The Mayflower Descendant, which I now edit, was actually the first journal I wrote an article for in 2004, after I discovered a new Mayflower line for an NEHGS member that added an extra child to a couple, extending a series of articles written by George Freeman Sanborn Jr. in the 1980s and ‘90s. I helped so many members over the years find their Mayflower ancestors that I became quite familiar with the scholarship, despite having no such ancestors myself. There are some families that I probably know more about than many of my own ancestors; I almost consider them my “adopted” ancestors.

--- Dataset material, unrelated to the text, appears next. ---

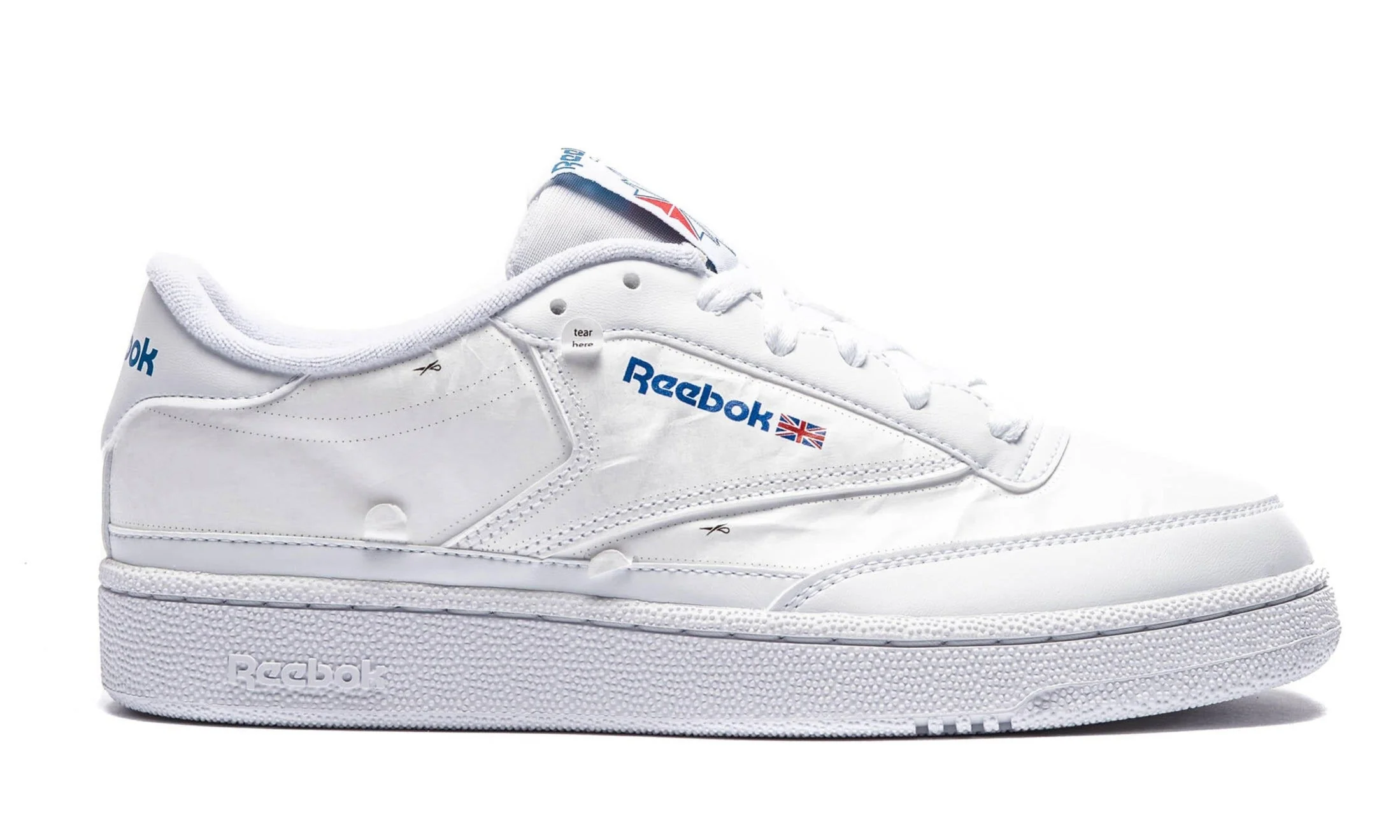 Smooth Reebok Men's Club C 85 X U Sneakers Smart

There are some families that I probably know more about than many of my own ancestors; I almost consider them my “adopted” ancestors.

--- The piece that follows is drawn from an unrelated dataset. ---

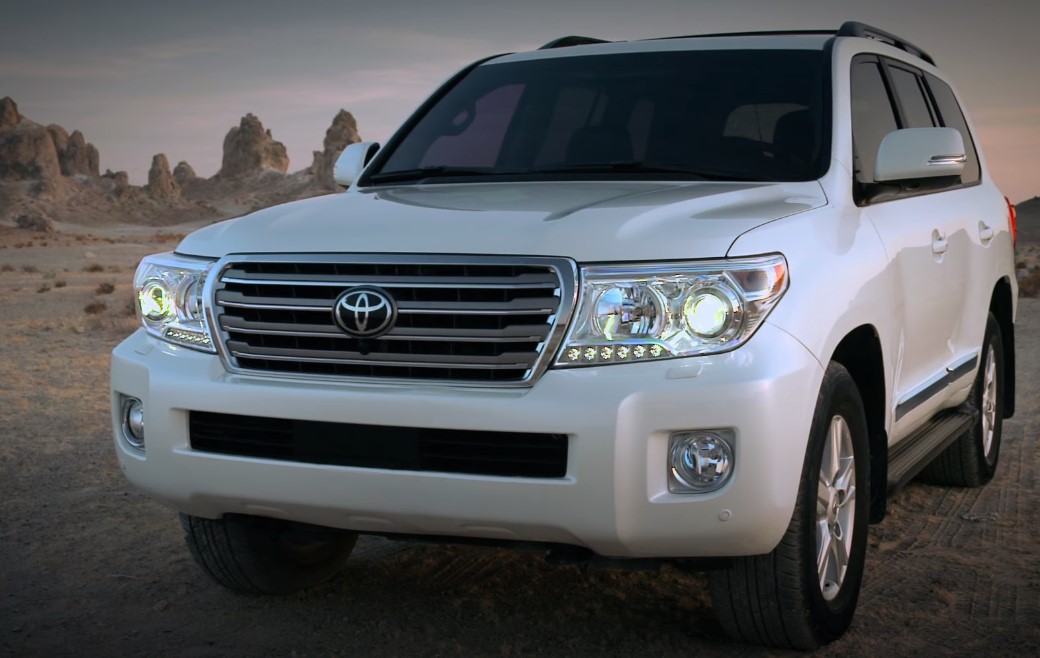 2013 Toyota Land Cruiser Model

As I have mentioned before, my mother is from Kansas, and her grandmother, Elizabeth Belle (Severance) Challender (1883-1972), was a native of western New York state. During my first trip to Salt Lake City in 1998, I explored a lot of her ancestry, with several lines extending back to New England. However, one part of her ancestry remained a mystery, the parents of Elizabeth’s great-grandmother Lydia M. (Franklin) Botsford (1815-1887).

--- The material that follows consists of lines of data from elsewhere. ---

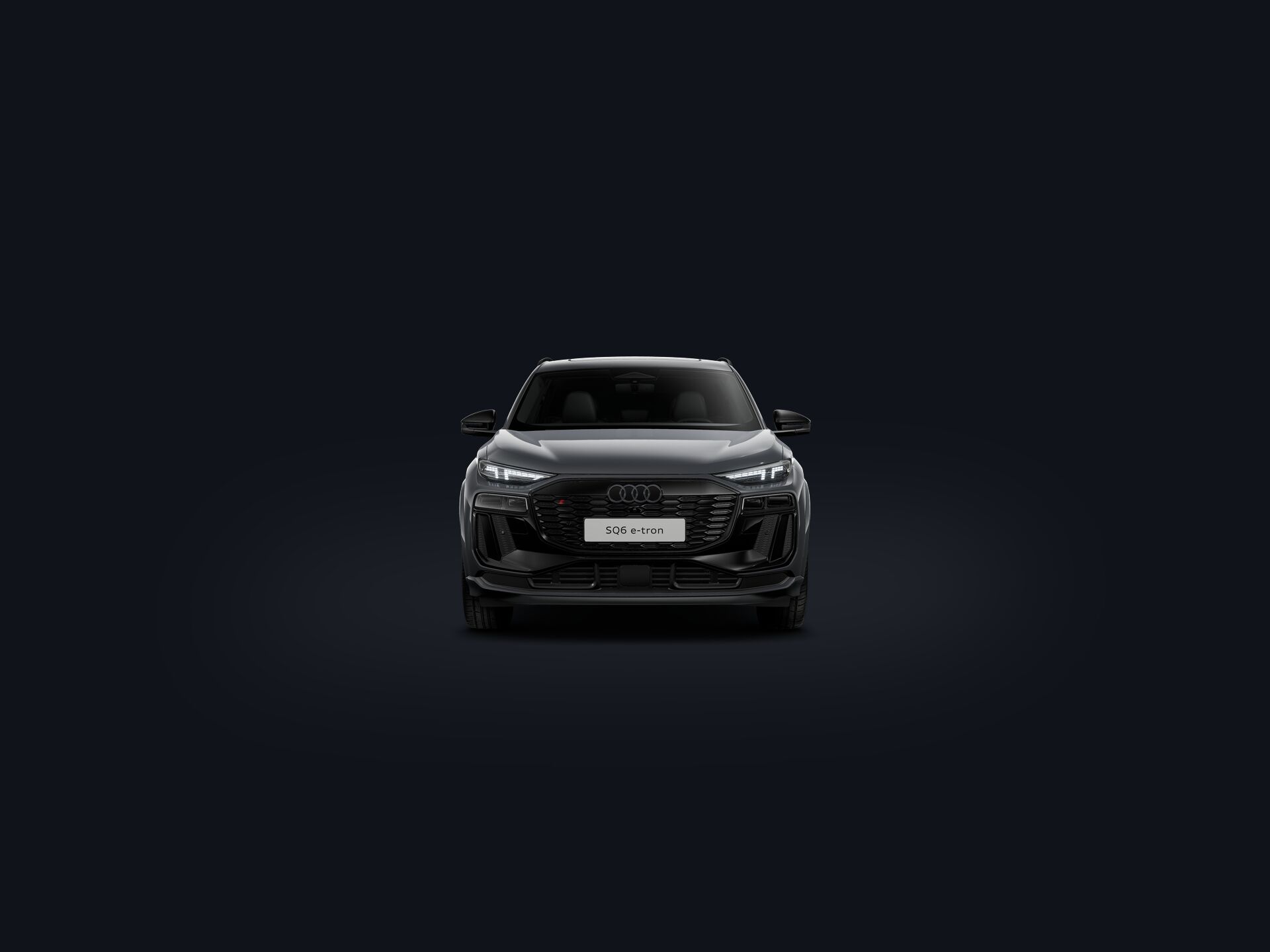 SQ6 e-tron front
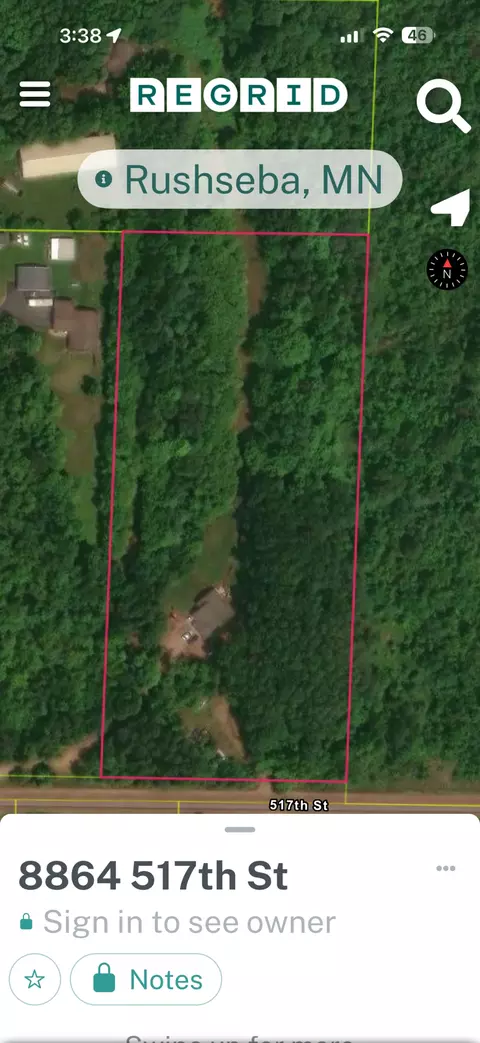 8864 517th St, Rush City, MN 55069
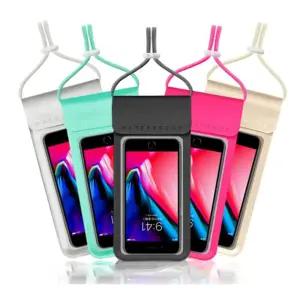 휴대폰 핸드폰 방수팩 물놀이 스마트폰 최고등급 IPX8 수중터치 방수 바다 갤럭시노트 팩 커버 파우치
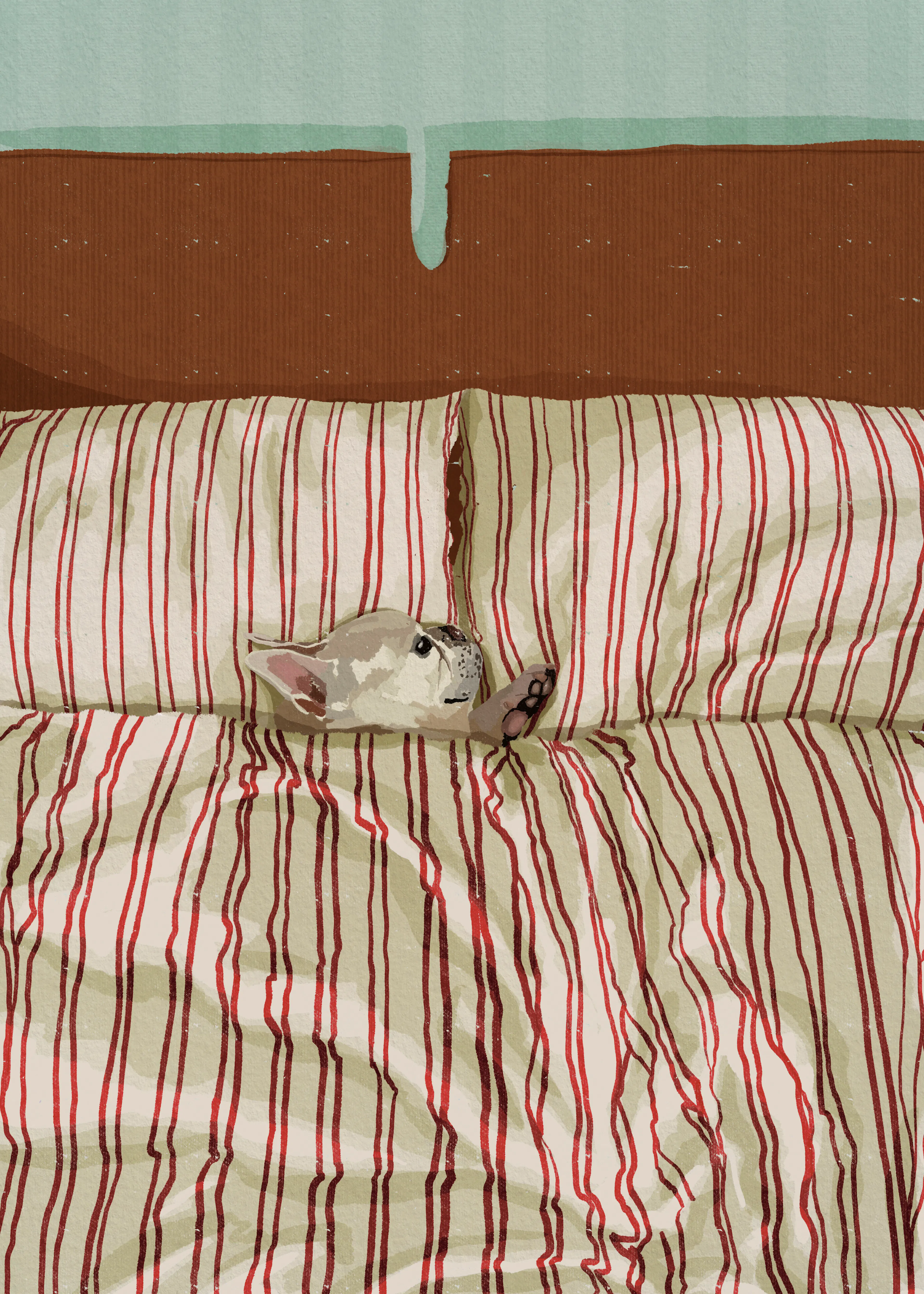 Pink Cozy Comfort Poster 0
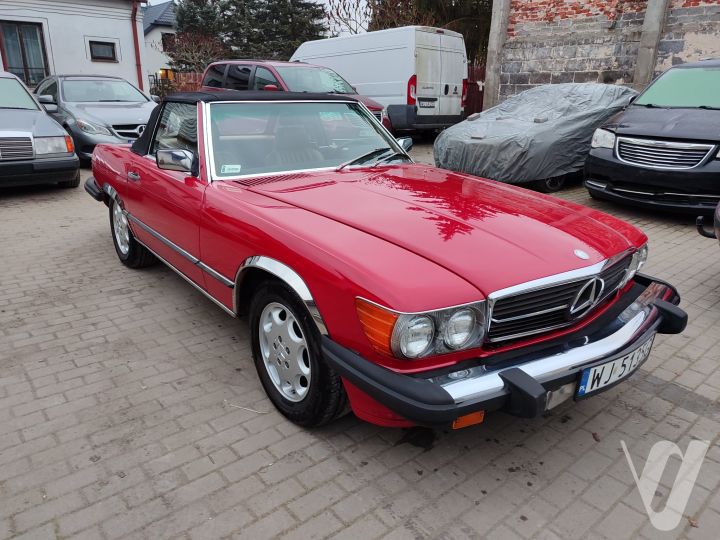 Mercedes-Benz SL (1986) loading=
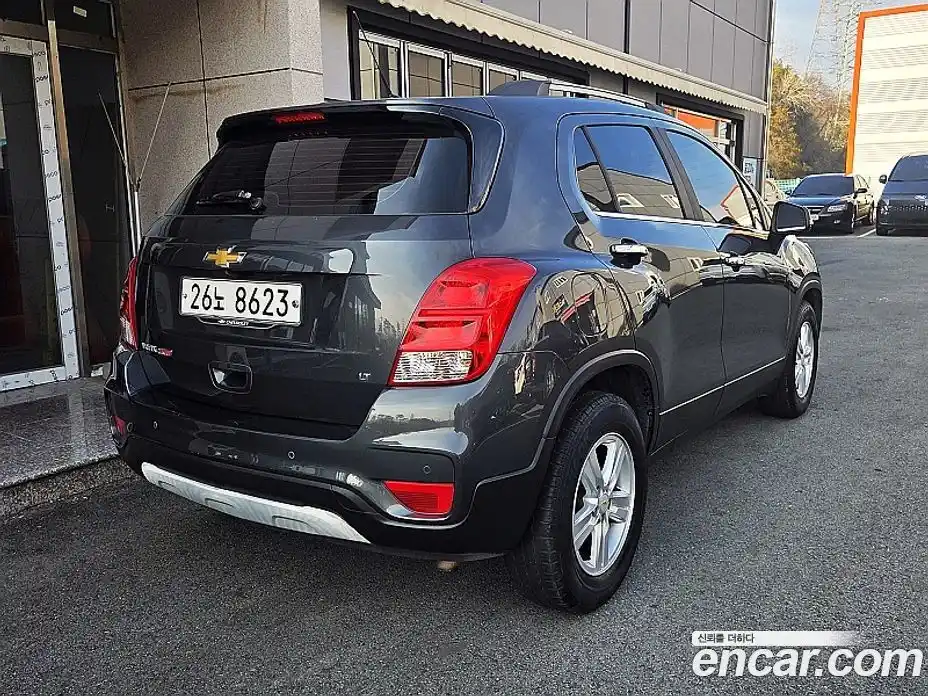Chevrolet Trax 2017 1.4 Автомат в Москве № 42276, фото 3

While census records showed she was born in Pennsylvania, every record I found for her was in Allegany County, New York (which borders Pennsylvania). The 1880 census stated her parents were born in Vermont. During a winter break from college in 2003 I drove out there, found her gravestone, and visited several town and county offices, all of which came up empty in identifying Lydia’s parents. I researched all the Franklin families in the area through land and probate records, none of whom appeared to show any kinship to my Lydia.

A breakthrough came years later when Ancestry adjusted the way you could search the 1880 census, allowing you to search by the birthplaces of listed persons’ parents. I searched for people with the surname Franklin, born ten years before and after 1815, in Pennsylvania, living in New York, with parents born in Vermont. My hope here was to find a possible brother (or unmarried sister) for Lydia. This search resulted in one match, a man named Rufus Franklin of Steuben County, New York, which is next to Allegany County. (As Franklin is a relatively common surname, I had not researched Franklins of neighboring counties, and had no clue about where in Pennsylvania my Lydia was born.)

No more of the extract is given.